Occasionally, insurance companies require you to submit a pre-authorization for a procedure before the work is completed. Because these requirements vary from insurance company to insurance company, you can manipulate the coverage table for each insurance company in Dentrix and mark the procedures that require pre-authorizations.
- In the Office Manager, select Maintenance > Reference > Insurance Maintenance.
- Highlight the insurance plan you want to update, and click the Benefits/Cov button.
- From the left side of the screen, select Coverage Table.
- Select the procedure (or procedure category) that requires a pre-authorization.
- Check the Pre-Auth Required checkbox. When that procedure is treatment planned for a patient, a notation is added to the Treatment Plan view of the Ledger and the Case Detail view of the Treatment Planner.

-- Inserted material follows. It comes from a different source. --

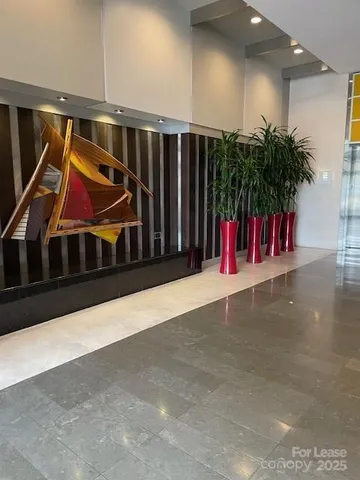 a view of livingroom with furniture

- Click OK to save the changes.
- You should make it a habit to update the coverage table when insurance companies notify you of procedures that require pre-authorization. Then as procedures are treatment planned for patients, double-check the Treatment Planner view of the Ledger for which procedures need authorized before treatment.
- In the Treatment Planner, click View > Procedure Information and make sure that the PreAuth option is checked. Then when you use the Treatment Planner Case Detail view, you will be able to see whether a pre-authorization is needed before you complete the procedure.

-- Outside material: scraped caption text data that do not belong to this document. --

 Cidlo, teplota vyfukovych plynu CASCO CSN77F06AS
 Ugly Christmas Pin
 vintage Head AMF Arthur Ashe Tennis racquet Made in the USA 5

- When viewing the Treatment Plan view in the Ledger, procedures needing pre-authorization display the following information in the Ins column to indicate what kind of pre-authorization is required:
- 1** – Indicates primary insurance requires a pre-authorization on that procedure.
- 2 – Indicates secondary insurance requires a pre-authorization on that procedure.
- 1*2 – Indicates both primary and secondary insurance require a pre-authorization on the procedure.
- NO – Indicates neither insurance requires a pre-authorization on the procedure.